The U.S. Department of Commerce has now placed tariffs on imported Canadian mushrooms, claiming the Canadian industry is being unfairly subsidized. A fact sheet released by the Commerce Department showed that Canadian mushrooms will face graduated tariffs of up to five percent, citing unfair government support.
In September of last year, several American mushroom growers filed a petition with the U.S. Ag Department requesting that a countervailing duty be placed on Canadian mushroom imports, and that an anti-dumping investigation also take place.
The petition by U.S. growers argued that a Canadian sales tax exemption status equates to Canada’s mushrooms receiving an unfair subsidy. What has people scratching their heads in this instance is that American mushrooms, like most other farm products, also receive similar sales tax exemptions.
Kelvin Hepner is a Canadian agrifood analyst. He says the sales tax exemption received by the mushroom producers in Canada is much like the same exemption received by U.S. producers.
“The allegation here is that Canada’s mushroom producers are subsidized. They’re pointing to sales tax exemptions that apply to all of agriculture. It’s a very similar tax policy to what the U.S. farmers have. It looks like a protectionist effort to protect the U.S. mushroom-producing area that’s highly concentrated in Pennsylvania.”

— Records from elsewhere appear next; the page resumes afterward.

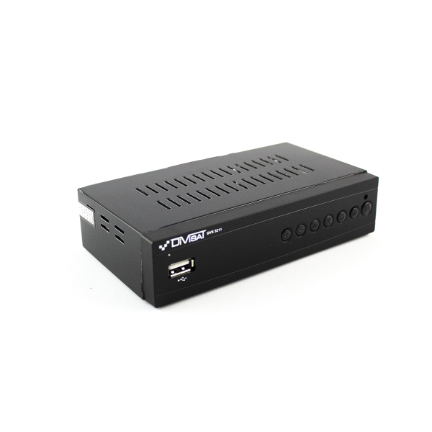Цифровой ресивер DIVISAT DVS 5211 (DVB-T/T2/C) на белом фоне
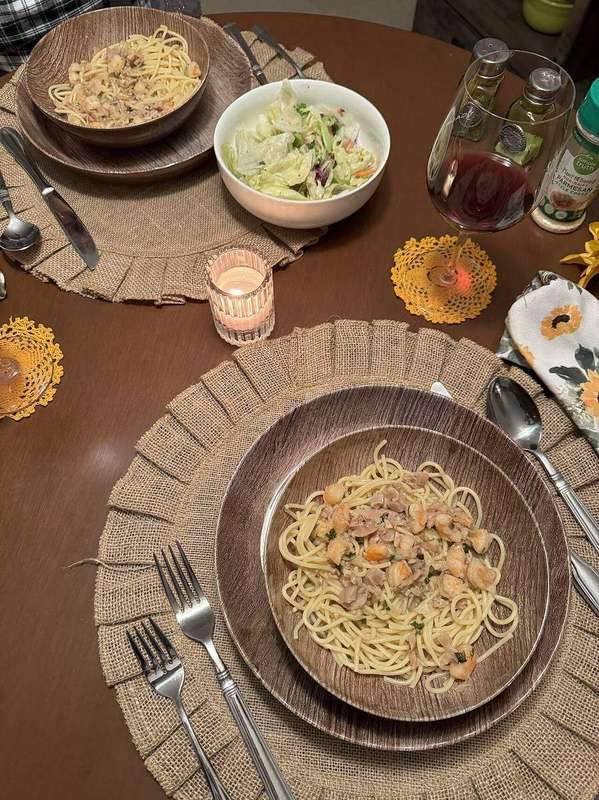 A close-up of clam and shrimp spaghetti
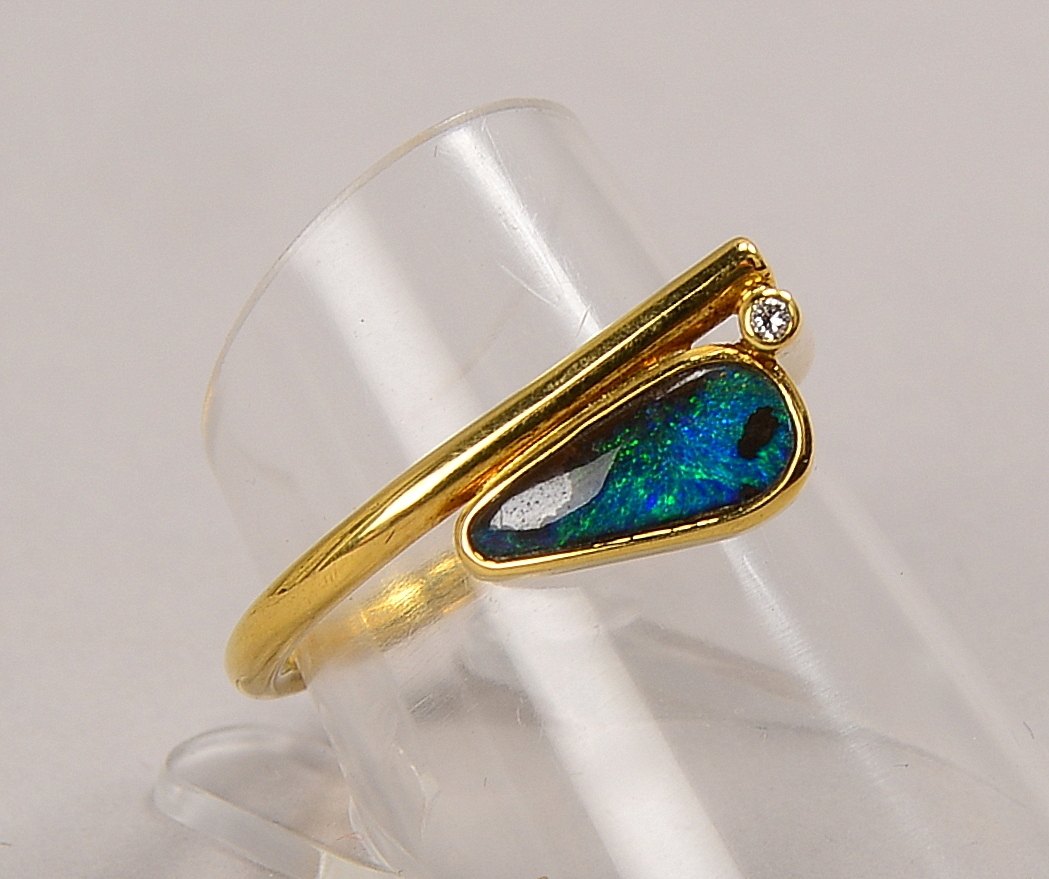 Ring (Goldschmiedearbeit), 750 GG (gest.), mit Boulder-Opal und kl. Brillant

The tariffs being imposed on Canadian mushrooms are called countervailing duties, and are the same measures used to tariff Canadian softwood lumber. That’s a dispute that’s been going on for decades now, where such tariffs are imposed on imported goods that the U.S. claims are being unfairly subsidized.

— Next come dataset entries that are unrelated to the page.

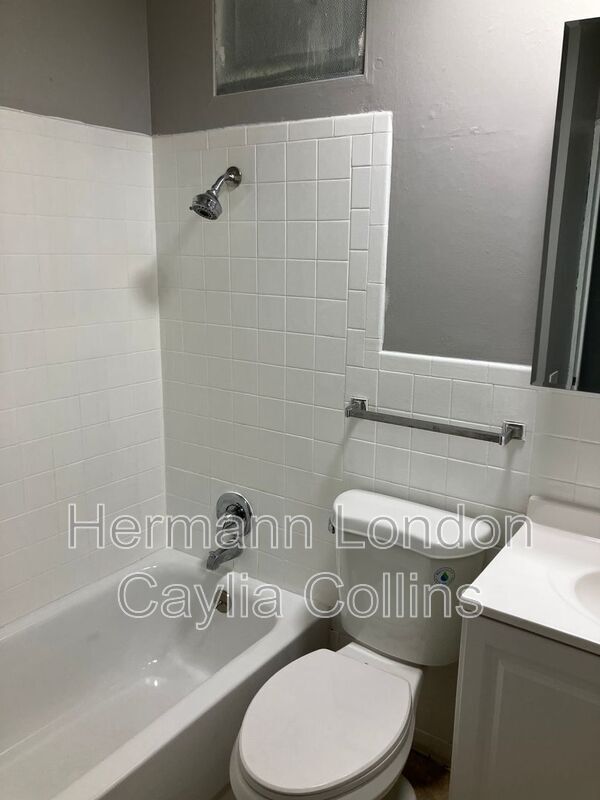 Building Photo - 11016 Saginaw Dr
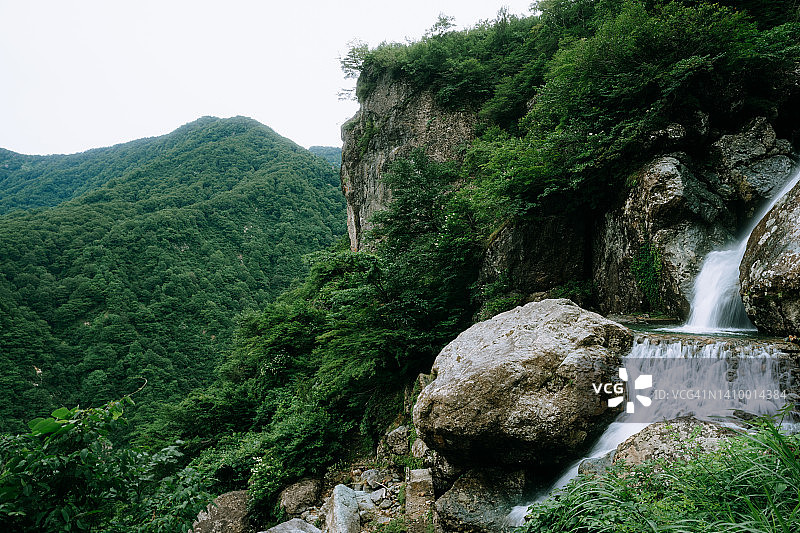 夏季山间瀑布图片素材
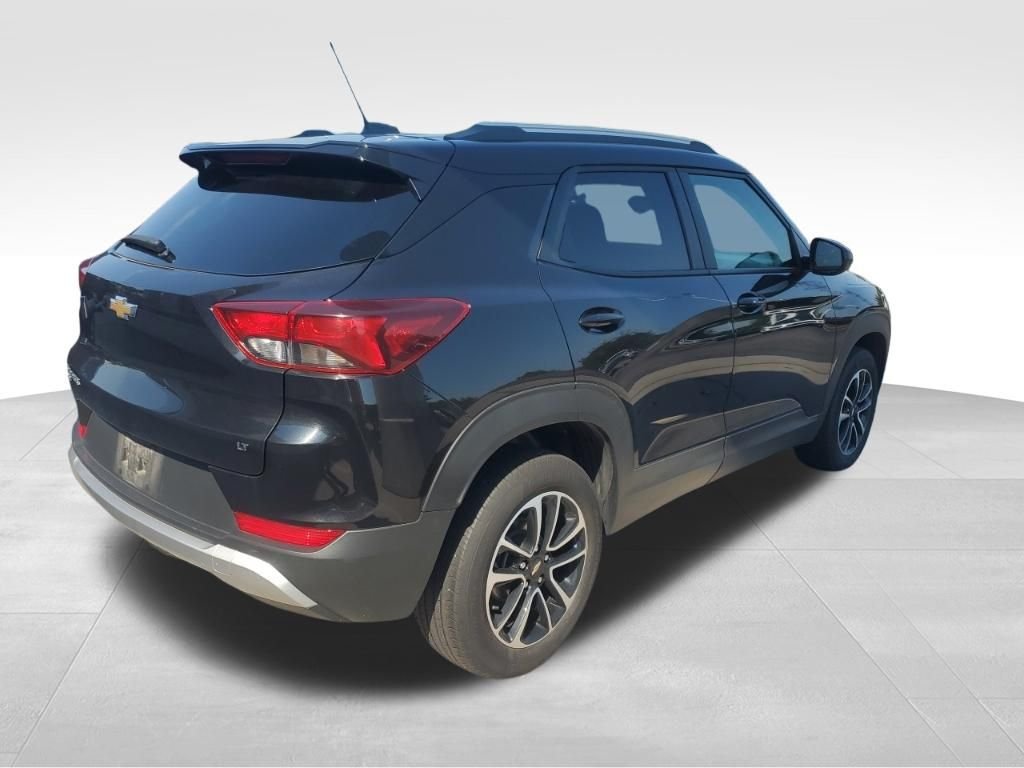 Used 2025 Black Chevrolet LT image 7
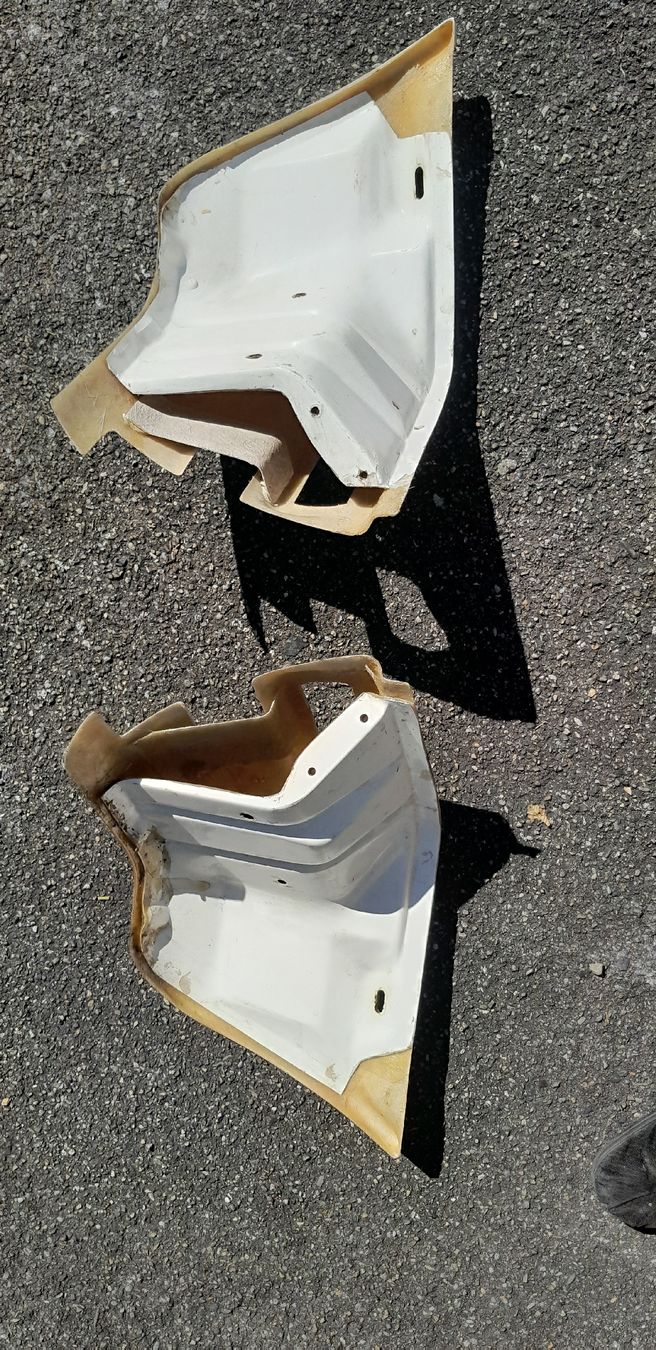 Tutti pezzi di ricambio auto: Triumph Spitfire Blinkerecken Polyester – Nuovo (secondo la descrizione) da Luterbach venduto da trixexpresso 1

The Canadian mushroom industry has seen a lot of growth in the past 25 years, and exports have increased substantially into the U.S. marketplace over the past decade. Ryan Koeslag is the executive vice-president of the Canadian Mushroom Growers’ Association. Koeslag says a tax exemption is unprecedented as a justification for countervailing duties.
“They’re the same in the United States as they are in Canada. We’ve always been operating under the rules and regulations of the free and fair trade between Canada and the US. And so, the reason that they identified this, I think, is really because they’ve not been able to find anything else.”

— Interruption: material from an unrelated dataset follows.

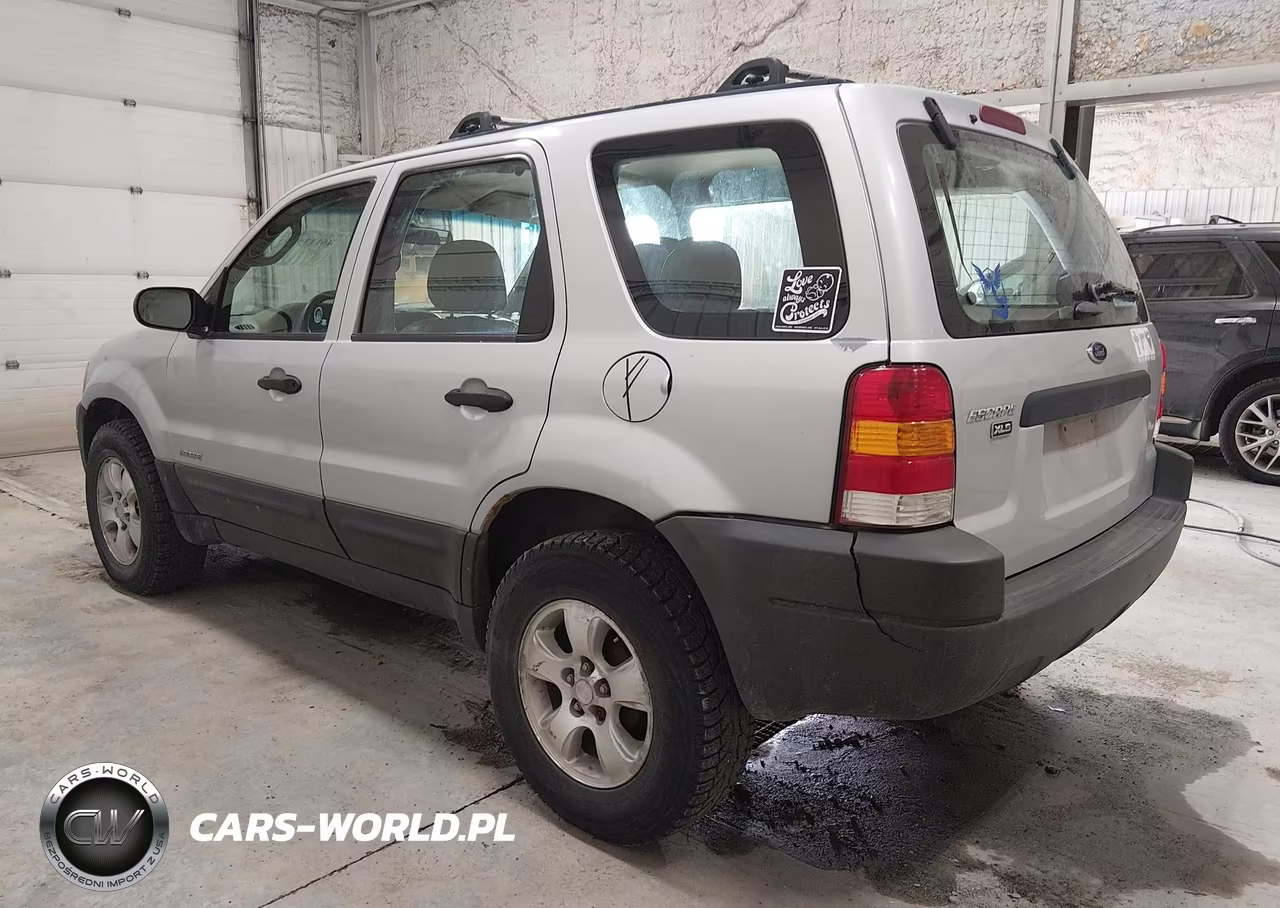 2002 Ford Escape Xls VIN:1FMCU02192KA15896 - 3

Ontario and British Columbia produce most of those mushrooms, and about 40 percent of Canada’s annual production goes to the U.S.
William Peleran, a Canadian international trade lawyer, believes that the duty on Canadian mushrooms is targeting Canada’s agricultural sector.
“What this tells us is that industries are becoming very, very aggressive to look at import competition. There’s a broad trend to look at agricultural products flowing into the United States, to have duties imposed at the border, to offset that alleged unfair trade.”